The electrical weapon is linked to several deaths in the UK. Photograph: Andrew Milligan/PA
The electrical weapon is linked to several deaths in the UK. Photograph: Andrew Milligan/PA

Police more likely to Taser black people due to institutional racism, report finds

This article is more than 5 months old

Study says societal factors play more of a role than the views of individual officers

Police are far more likely to use a Taser electrical weapon against black people due to structural and institutional racism rather than the views of individual officers, a new report says.

It follows the biggest ever academic study of the police’s use of the weapon, which found officers increasingly see it as a tool that can get suspects to comply, rather than a potentially lethal item.

Communities see its use as humiliating and traumatic and the report, which was funded by the police, says radical reforms are needed to training.

The Taser electrical weapon has been linked to several deaths in the UK. Officials insist it is safe for widespread use but some campaigners claim it should be curtailed or banned.

The study was conducted by researchers from University College London, Keele, Exeter and Staffordshire universities.

While some officers see black people as more threatening and thus use a Taser electrical weapon, the study said the biggest reasons for the racial disparity was not decisions by individual officers.

How and where officers were deployed by their chiefs were the key reasons.

Officers are more frequently deployed into higher crime areas, which tend to have acute levels of poverty and higher ethnic minority populations.

The report says: “Our study suggests it may be a combination of societal issues and institutional policing priorities, policies and practices which are systematically and disproportionately affecting black and other ethnic minority communities in deprived neighbourhoods relative to the populations of more wealthy surrounding, predominantly white areas.

“In other words, our study supports the idea that the patterns of ethnic disproportionality evident in the UK Home Office statistics cannot be explained solely or even primarily at the level of individual officer behaviour or psychology because they are an outcome of an interaction between structural and institutional racism.”

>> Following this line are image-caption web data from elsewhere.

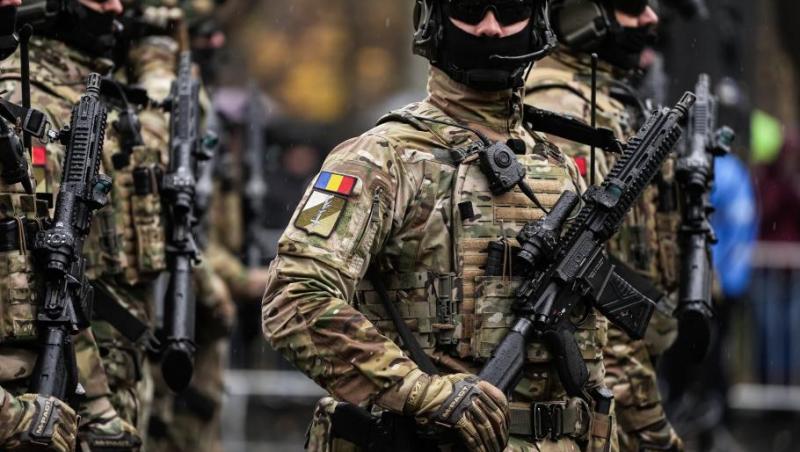 Ciucă sugerează reintroducerea serviciului militar obligatoriu: "Trebuie să se revină la armate de masă pentru a face faţă unui război pe scară largă"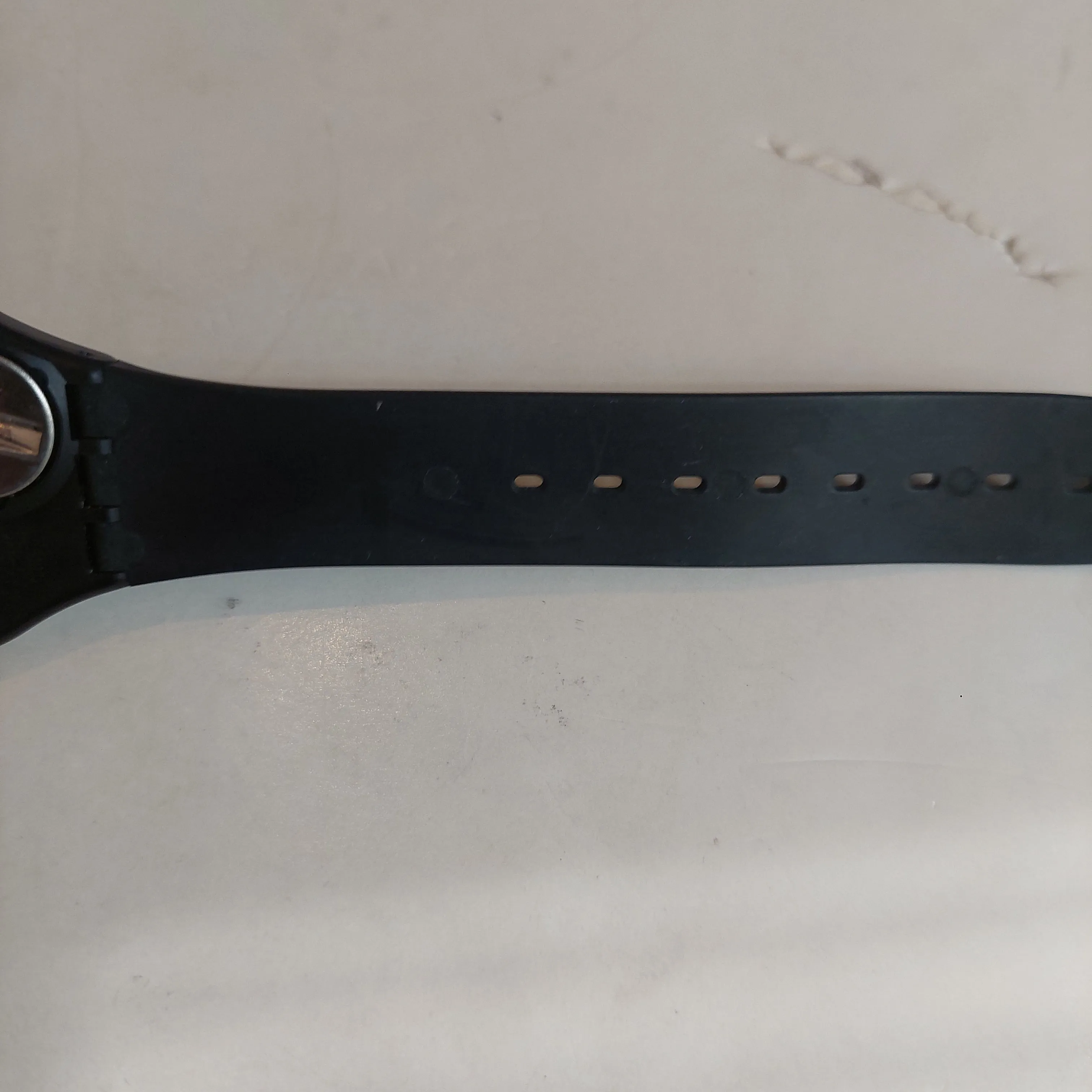 Swatch Black & White Round Dial Rubber Strap Watch  | Gently Used |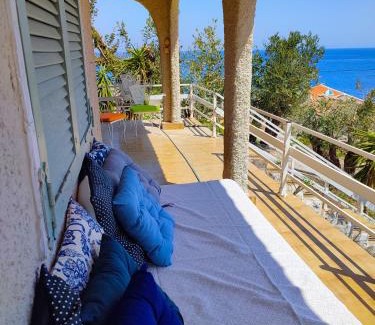 Avlakia Casa | Lilly's Seaview Retreat Cottage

The weapon fires an electric current of 50,000 volts and is meant to temporarily incapacitate a suspect by interfering with the body’s neuromuscular system.

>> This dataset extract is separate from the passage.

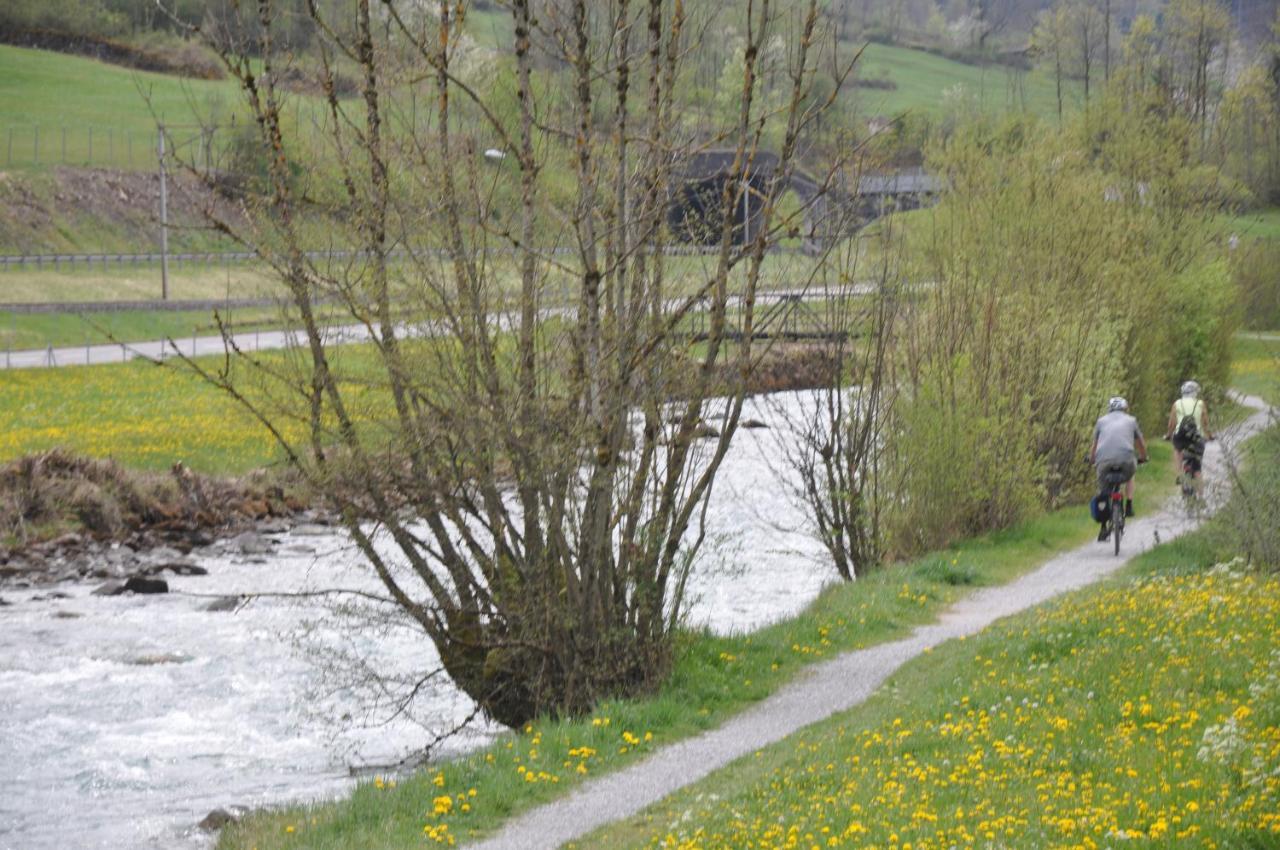 Ferienwohnungen Alter Raaben Rüti Exteriér fotografie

Its use has grown, it was deployed just under 17,000 times in 2017-18, by 2021-22 this had grown to 34,276 uses. The number of officers issued with a Taser electrical weapon has also increased.

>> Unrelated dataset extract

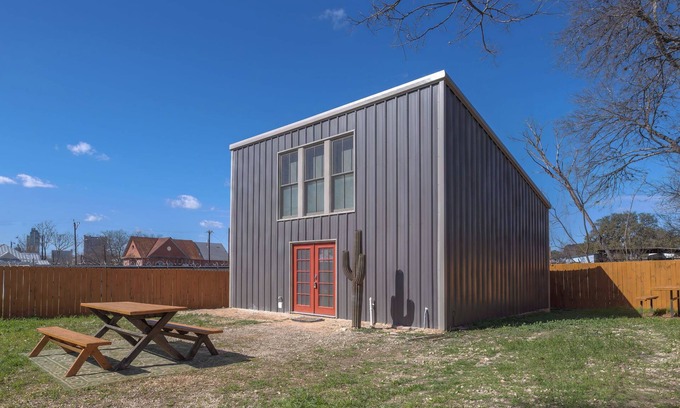 Near East Side Hotel | Gorgeous Guesthouse Near Amazing Downtown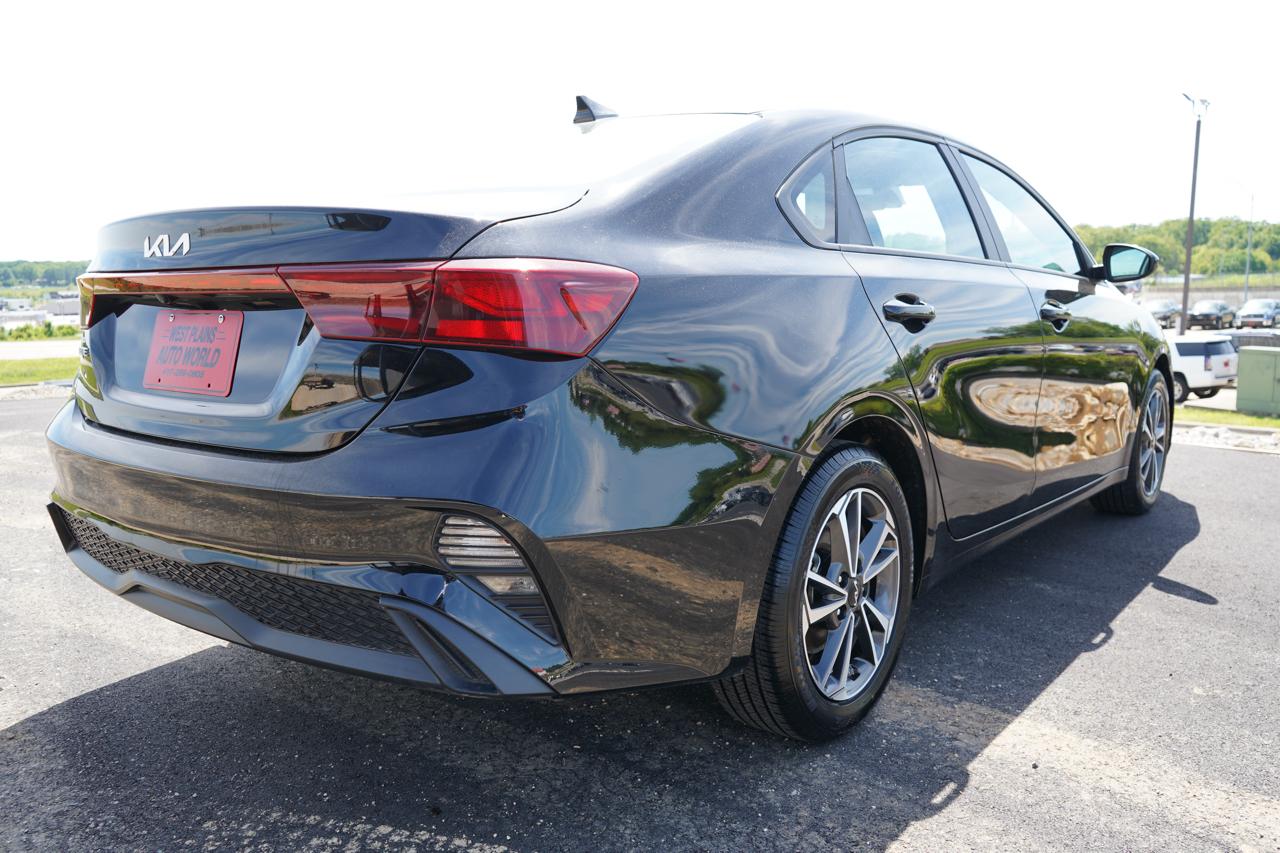Kia Forte LXS IVT 2023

Use of the weapon in official statistics does not necessarily mean it is fired at a suspect. The official figures include where it is unholstered and a suspect threatened with it, and also where a suspect is “red dotted”, where the red laser used to aim the device is visible to a suspect, often leading them to obey an officer’s commands. It is fired in about a tenth of incidents.

Inquest juries have found that its use played a part in the deaths of Jordan Begley in 2013 in Manchester, and the death of Marc Cole in 2017 in Falmouth. In 2021 a police officer was convicted of the manslaughter of former premiership footballer Dalian Atkinson having kicked him in the head while he was on the ground, and also having fired the weapon into him for 33 seconds – longer than recommended.

The report was commissioned by the College of Policing, which sets standards in law enforcement.

The report found that officers need to be taught when not to use a Taser electrical weapon and deploy de-escalation skills instead: “Our data suggested an institutionalisation of Taser had occurred such that the question for control room staff had become not ‘can we justify sending Taser officers’ but, rather, ‘can we justify not sending Taser officers’. .”

Report co-author Dr Ben Bradford said: “A central issue … will be exploring whether and how police can change policy and practice to alleviate ethnic disproportionality in Taser use. If this is not possible, then there must be fundamental questions about continued use of the weapon, at least in its current form.”

Chief constable Lucy D’Orsi, who speaks for the NPCC on use of the weapon, said: “In 2019-20 black people were eight times more likely to have it used on them. Whilst figures from 2022-23 stats have shown a reduction to 4.2 times more likely, it is vital that we question why that is and take action.

“We welcome the findings of the report and are committed to thoroughly reviewing the content so that we can make appropriate changes to have a positive impact on the lives of black people.”